荊軻「ブルース、ようやく会えたな。で……あの話は本当なのか? マシュが囚われ、皇帝とブーディカ、スパルタクスも行方不明と……」

バットマン「……残念だが、本当だ。戦力は半減したと言っても過言ではない」

荊軻「……それでは、我々の勝ち目が……」

586 : ◆GmHi5G5d.E [saga]:2018/01/20(土) 01:06:25.01 ID:p3VFfcpc0

バットマン「いや、ある。ガリア砦へと少数精鋭で攻め込み、そこに囚われているであろうブーディカとスパルタクスを救出する」

荊軻「救出……と言っても、二人は生きているか死んでいるかも分からないのに」

バットマン「必ず生きている。アイツは……リドラーとはそういう男だ。
自分の知性を証明するために、敵の存在を利用したがる。殺せば、それが不可能になる。歴史に残っているような人物が相手なら、なおさらその性質は強く出るハズだ」

荊軻「……何と言うか」

バットマン「異常だ」

荊軻「……だな。
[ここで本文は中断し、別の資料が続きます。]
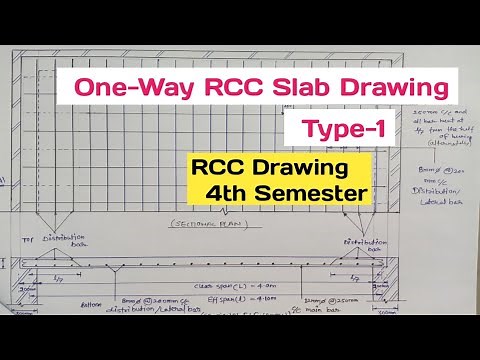 One-Way RCC Slab Drawing | RCC Drawing | Civil 4th Semester RCC Drawing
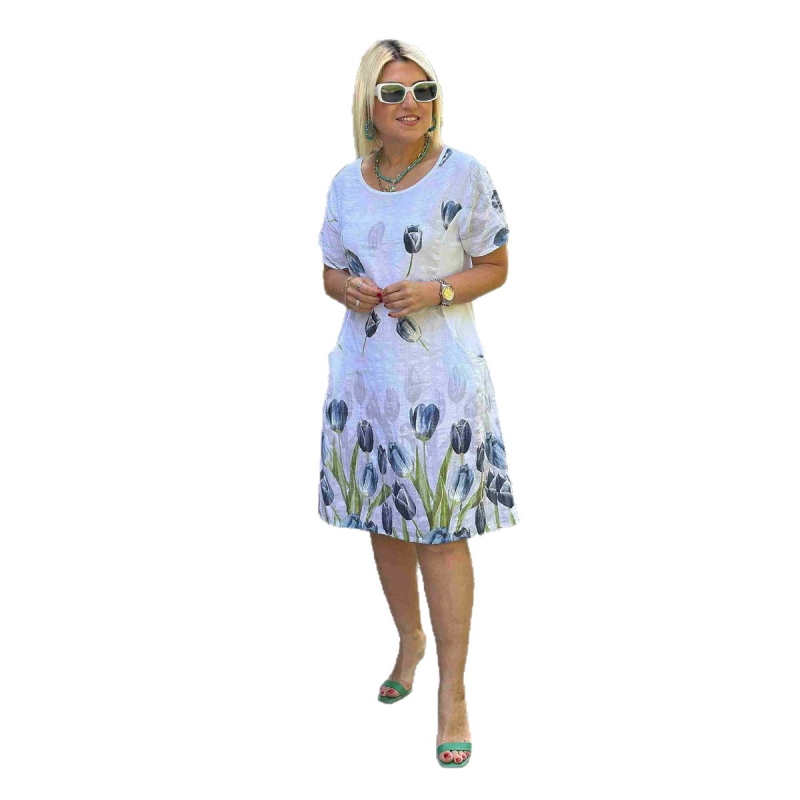 Haljina s floralnim uzorkom, pulover stil, poliester s elastanom (do 30%), kružni izrez, kratki rukavi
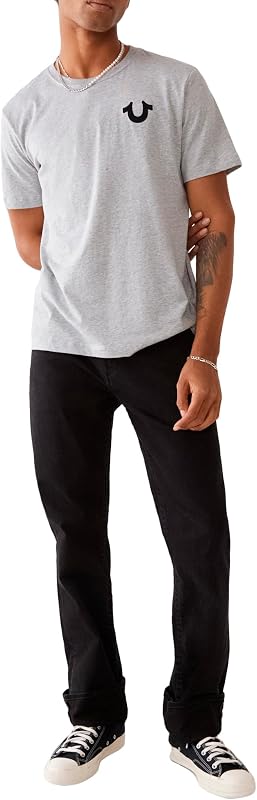 Ricky - Jeans da Uomo a Gamba Dritta, Nero, 52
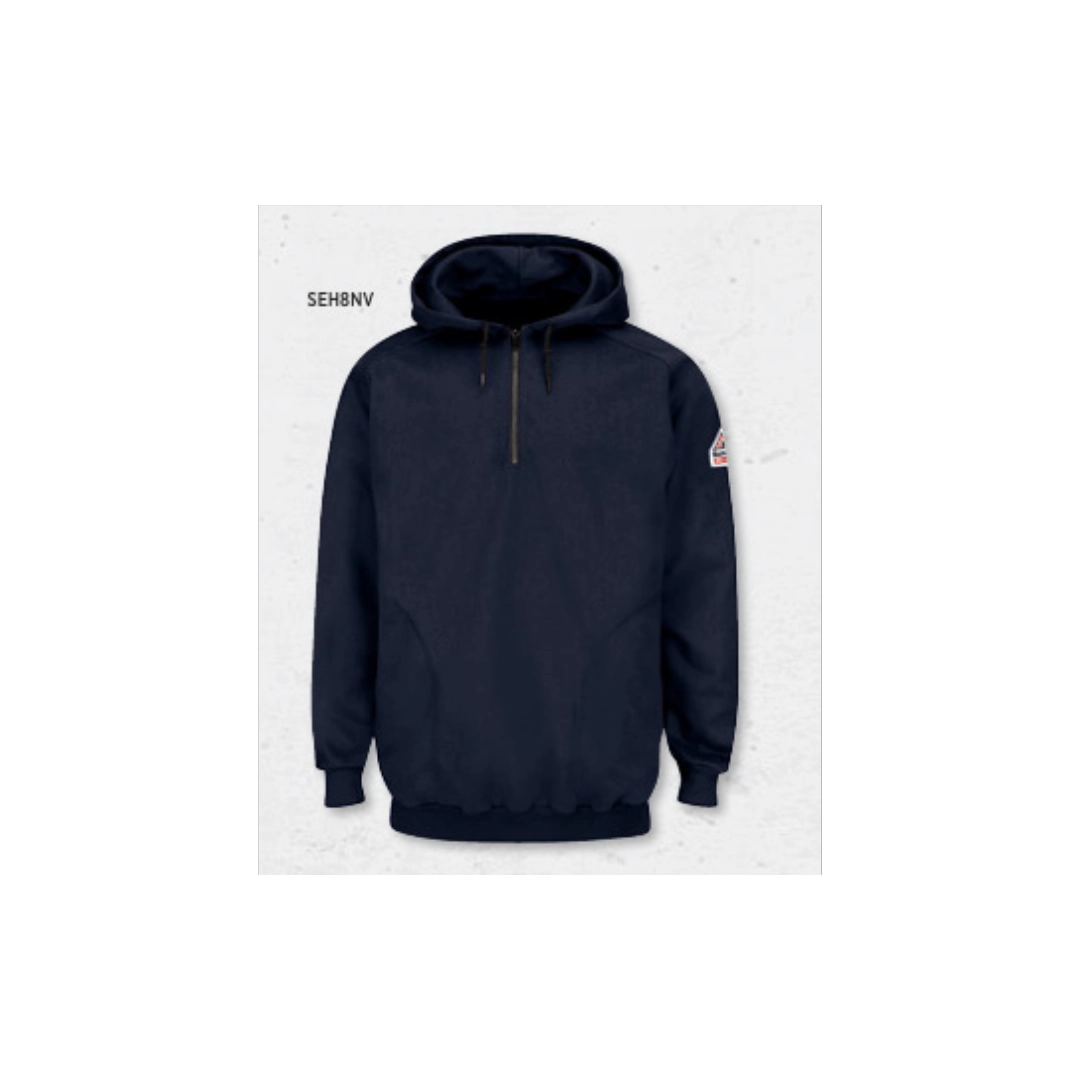 Pullover Hooded Fleece Sweatshirt With 1/4 Zip - Cotton / Spandex Blend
それか、極めて正常か」

バットマン「…………」

587 : ◆GmHi5G5d.E [saga]:2018/01/20(土) 01:06:57.21 ID:p3VFfcpc0

荊軻「それで、いつ行く?」

バットマン「……早い方が良い。明日か、行けるなら今からでも」

荊軻「随分と急ぐな……何故だ?」

バットマン「通信機の位置を探知されている。私が川から流された時、精確な追撃を寄越して来た。可能性としてはそれしか考えられない」

荊軻「成程な……では、稲妻のように速く攻めるとするか」

バットマン「それが望ましい」

荊軻「好みだ」

バットマン「頼りにしている」

588 : ◆GmHi5G5d.E [saga]:2018/01/20(土) 01:07:28.78 ID:p3VFfcpc0

荊軻「しかし、問題もある……キミたちが遭遇したというサーヴァント、レオニダスの事だ」

バットマン「……」

バットマン(炎門の守護者、レオニダス。三日に渡り、三百の兵で三千のペルシア軍を堰き止めていた英雄)

バットマン「……そちらについても、対抗策はある」

荊軻「本当か?」

バットマン「……『本来は守りに使う宝具』。奴はそう言った」

荊軻「……?」

バットマン「そのままの意味だ」

589 : ◆GmHi5G5d.E [saga]:2018/01/20(土) 01:08:03.22 ID:p3VFfcpc0

バットマン「ガリア奪還メンバーは私、呂布、荊軻、それと大隊を一つ。これで行く」

荊軻「随分……少ないな?」

バットマン「あれだけ派手に敗北した以上、もう戦力は過剰には注ぎ込めない。最低限の戦力で、最高の戦果を納めるしかない」

呂布「■■■■■■■……」

荊軻「……ふむ。兵士には伝えておこう」

バットマン「頼んだ。それと、通信機を兵に渡しておいてくれ。連絡は常に取り合いたい」

荊軻「了解した。では」

バットマン「ああ」

バットマン(……雨も止み始めた。太陽も昇り出した。決行のタイミングは今を置いて他にない……さあ、この挑発に食いつくか、リドラー)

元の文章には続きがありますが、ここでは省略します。